Input data -
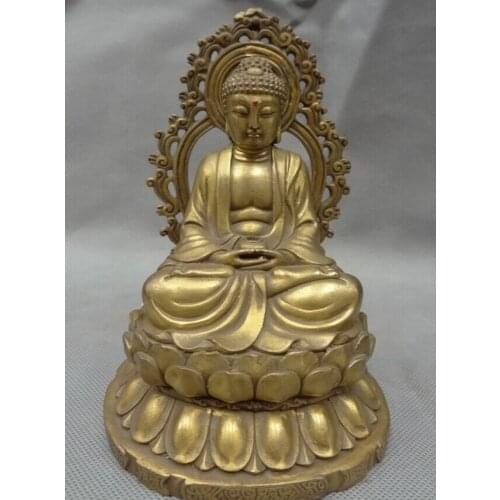 Fast shipping USPS to USA S1428 Chinese Pure Brass Buddhism Temple Sakyamuni Tibet Shakyamuni Buddha Bowl Statue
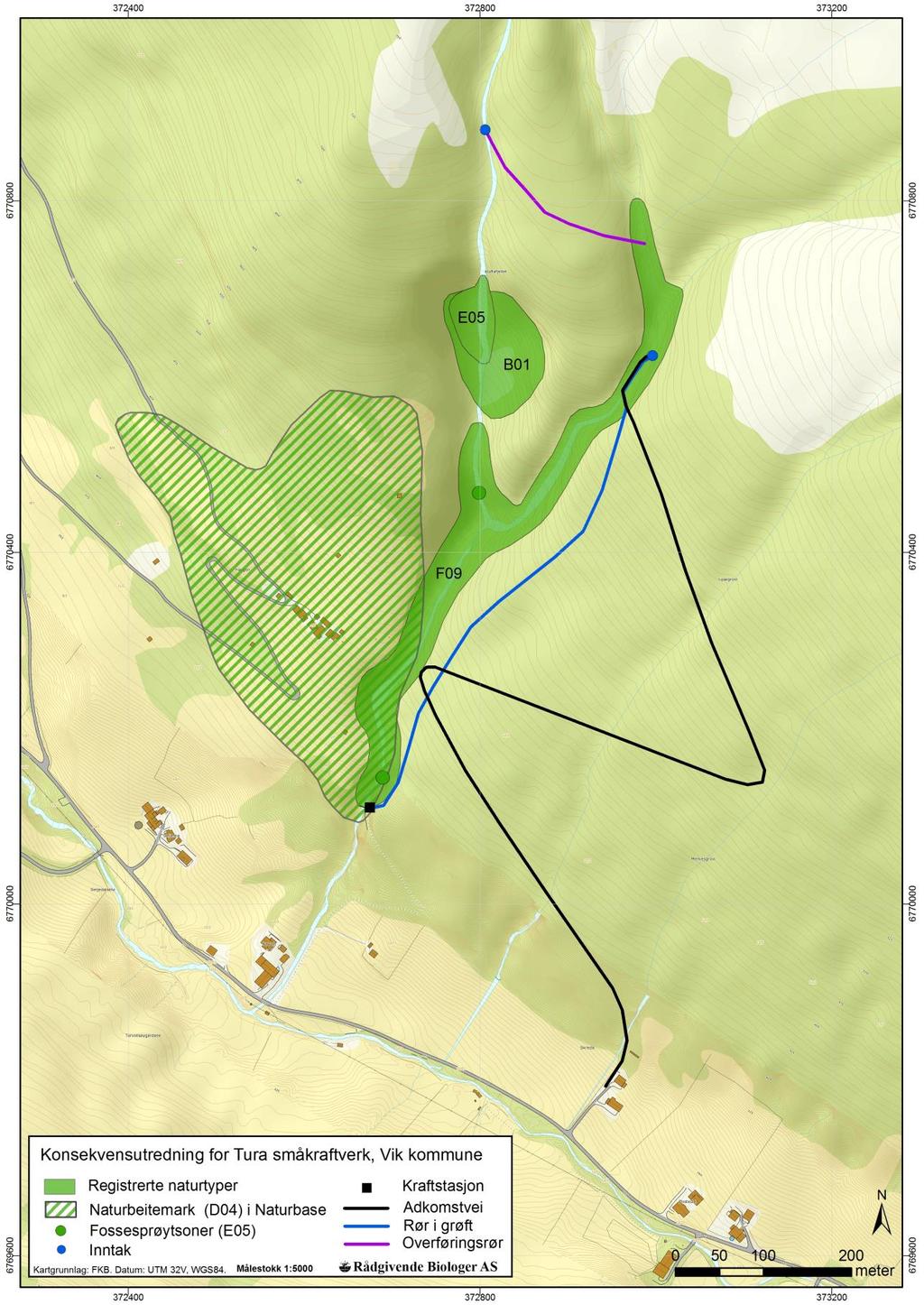 Figur 6. Oversikt over registrerte naturtyper i forhold til tiltaksplanene for Tura småkraftverk.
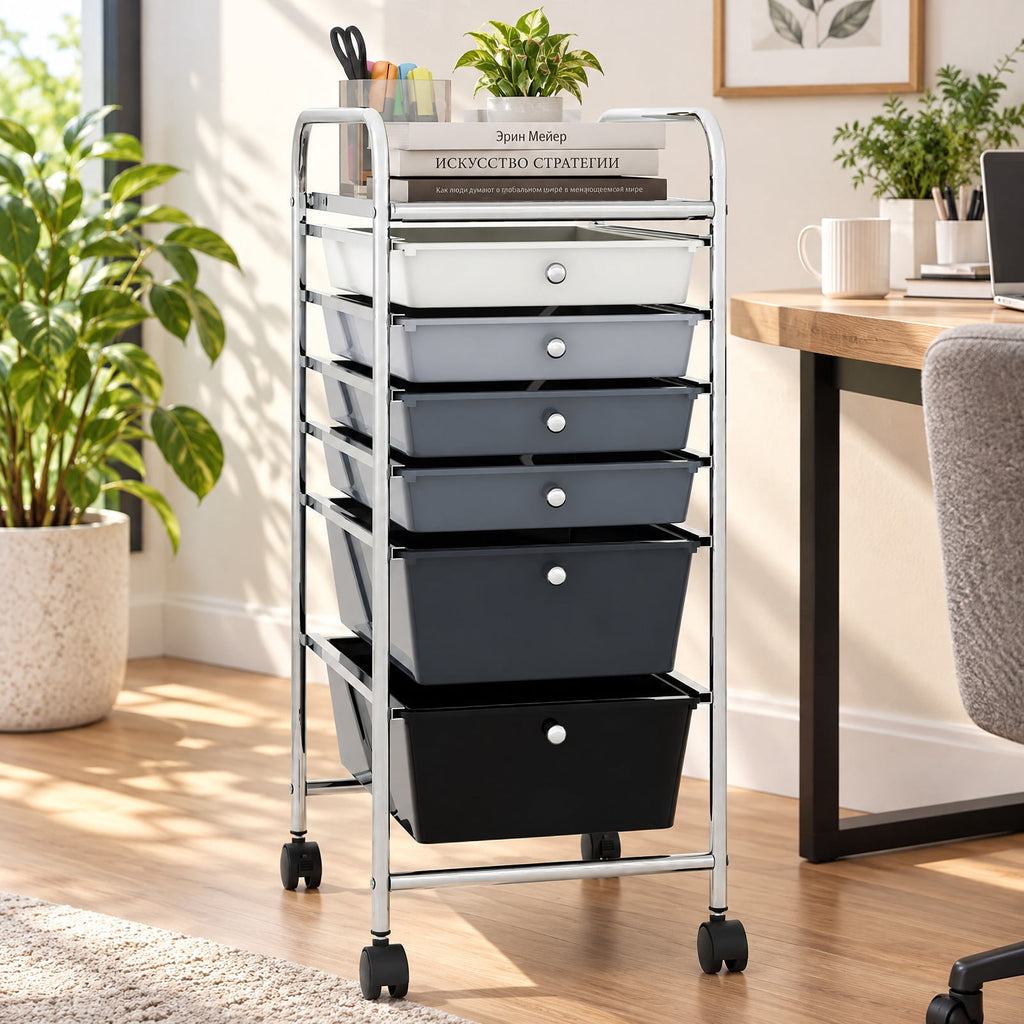Airfind 6 Drawers Rolling Storage Cart Organizer, Steel Frame, 17 x 13.5 x 30 Footprint, Black, Perfect for any room where space is limited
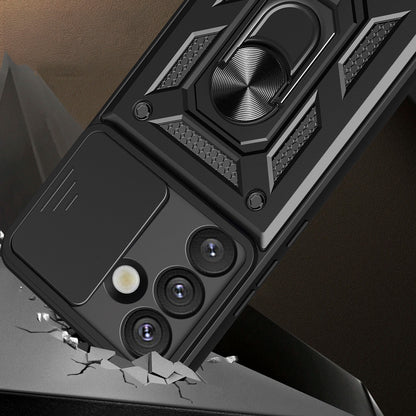 Hybrid Armor Camshield with Camera Cover and Metal Ring for Samsung Galaxy S25 - Black_1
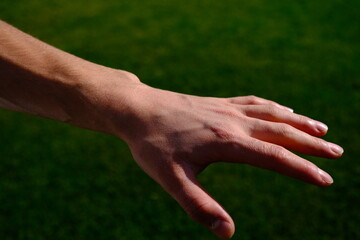 arm and hand veins prominent after sports. young mans hand and arm.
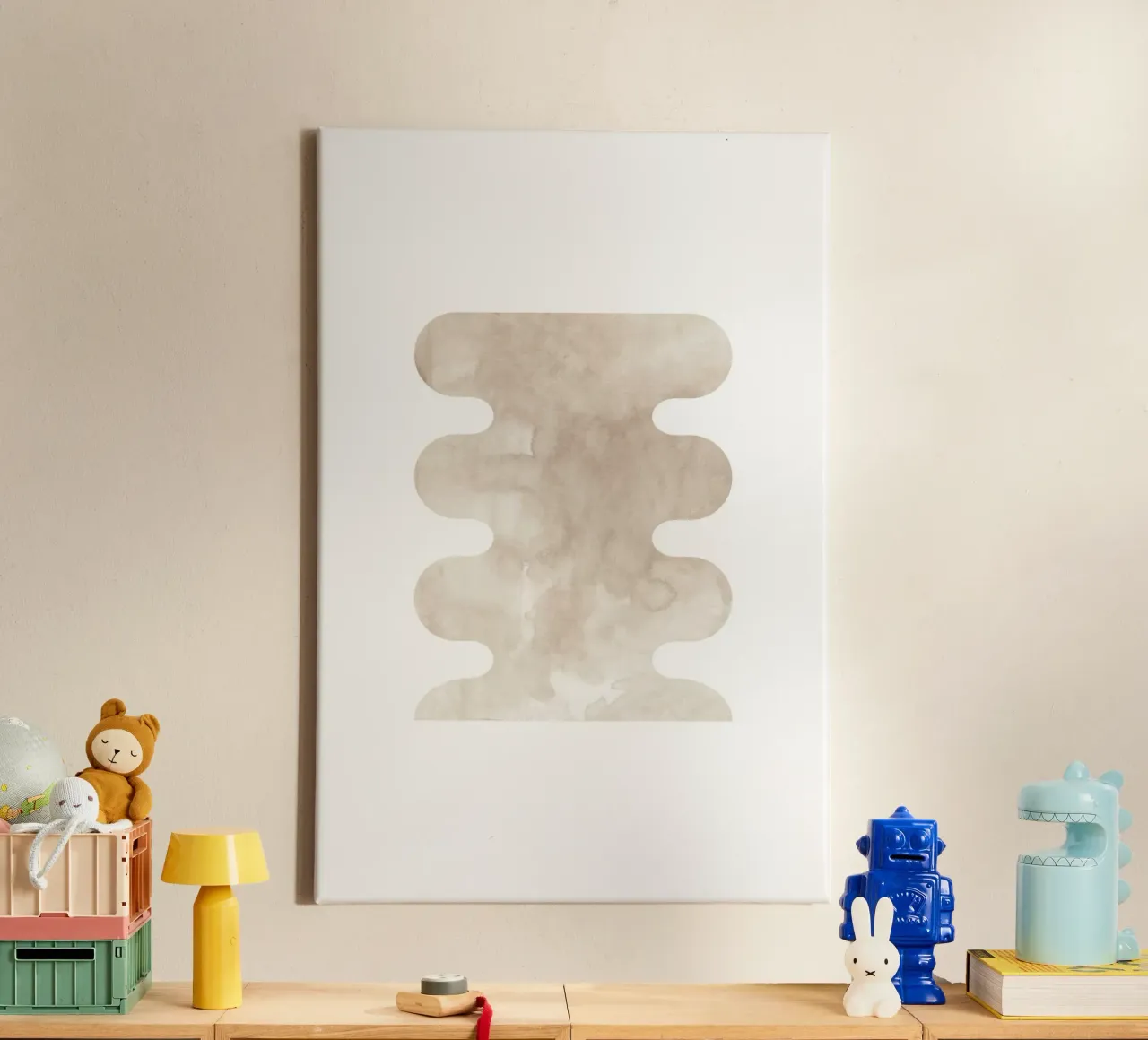 Forme geometriche ad acquerello 3 tela con Cornice a cassetta da NouveauPrints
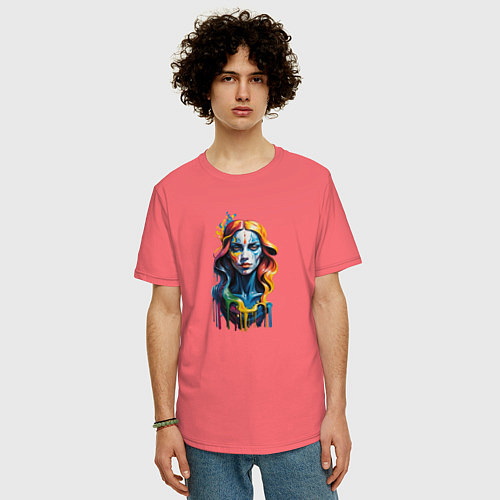Мужская футболка оверсайз Портрет арт маслом девушка с голубыми каплями / Коралловый – фото 3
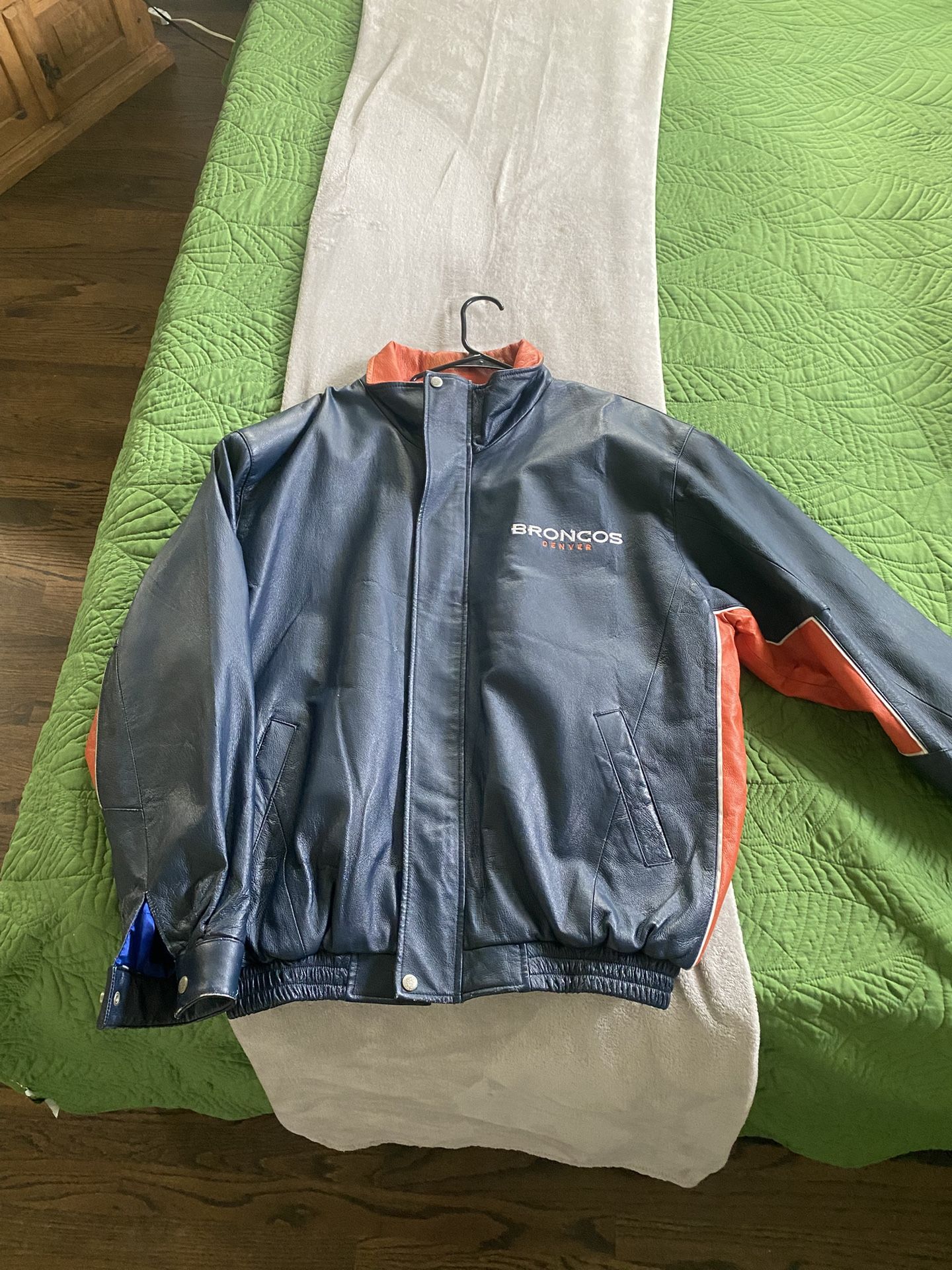 Vintage Broncos Bomber Leather Jacket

Problem description - The entries above should be retyped exactly, minus any pictures.

The completed task -
 Fast shipping USPS to USA S1428 Chinese Pure Brass Buddhism Temple Sakyamuni Tibet Shakyamuni Buddha Bowl Statue
 Figur 6. Oversikt over registrerte naturtyper i forhold til tiltaksplanene for Tura småkraftverk.
Airfind 6 Drawers Rolling Storage Cart Organizer, Steel Frame, 17 x 13.5 x 30 Footprint, Black, Perfect for any room where space is limited
 Hybrid Armor Camshield with Camera Cover and Metal Ring for Samsung Galaxy S25 - Black_1
 arm and hand veins prominent after sports. young mans hand and arm.
 Forme geometriche ad acquerello 3 tela con Cornice a cassetta da NouveauPrints
Мужская футболка оверсайз Портрет арт маслом девушка с голубыми каплями / Коралловый – фото 3
 Vintage Broncos Bomber Leather Jacket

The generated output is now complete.